South China Sea air zone? Complicated, says Beijing

BEIJING - China has reiterated its sovereign right to set up an air defence identification zone (ADIZ), though its decision would depend on its assessment of airspace safety and "a host of other complicated factors".

As for Beijing's ties with ASEAN, they are at a very good stage, with the two sides working together to maintain regional peace and stability, said Chinese Foreign Ministry spokesman Hua Chunying on Wednesday, giving a nuanced response to Jakarta's remarks that it would reject such a zone over the South China Sea.

"Whether to establish an ADIZ is dependent on our assessment of the safety of the airspace and a host of other complicated factors," she said at a daily press conference, adding that China is "confident" of its relations with ASEAN.
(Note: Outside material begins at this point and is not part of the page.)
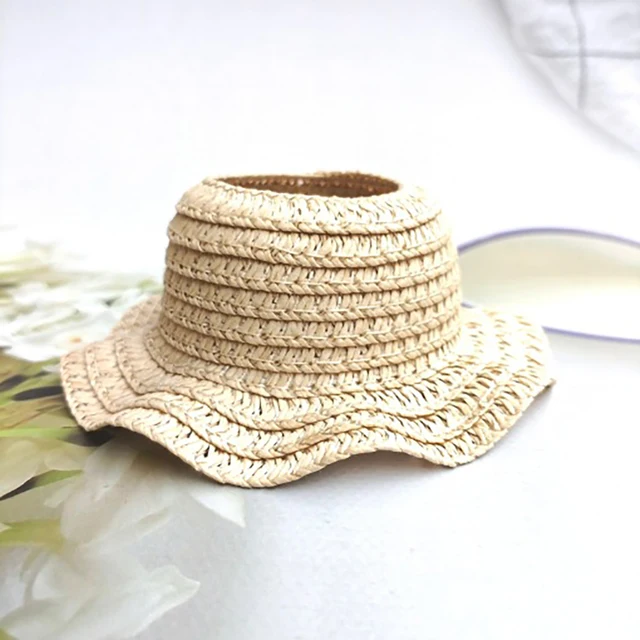Labubu 17cm Mini Doll Straw Hat – Kawaii Color-Matching Dollhouse Accessory for Kids & Girls' Toys 3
"As this is a complex undertaking, many factors must be taken together," Ms Hua added without elaborating.

Indonesian Foreign Minister Marty Natalegawa said in Parliament on Tuesday he had firmly told Beijing that Jakarta would not accept such a zone over the South China Sea and his reading was that China had no plans for one now.

Dr Marty's comments are the most forceful from Indonesia on the subject to date, and came a day after United States Secretary of State John Kerry left Jakarta, where he had said ASEAN was firmly at the centre of the US pivot to Asia.

China's declaration of an ADIZ in the East China Sea last November drew objections from the US and neighbours Japan and South Korea.

It also raised fears that Beijing might soon declare one over the resource-rich South China Sea, where its maritime claims are disputed by four ASEAN countries.

Experts say China's bold claim of 90 per cent of the South China Sea, demarcated by the so-called nine-dash line, throws up its own set of complications.

For instance, a Chinese ADIZ over the disputed islands would run into international airspace over the high seas but still be within China's nine-dash line.

Dr Bantarto Bandoro of the Indonesian Defence University told The Straits Times such a zone would unnecessarily provoke ASEAN states with claims in these waters.

"Though it is not a claimant state, Indonesia is concerned that such an ADIZ would set back its ongoing efforts to build trust in the region, and would also escalate tensions," he said.

"Such a zone over the South China Sea would also be a source of grievance among South-east Asian countries that China does not have good intentions."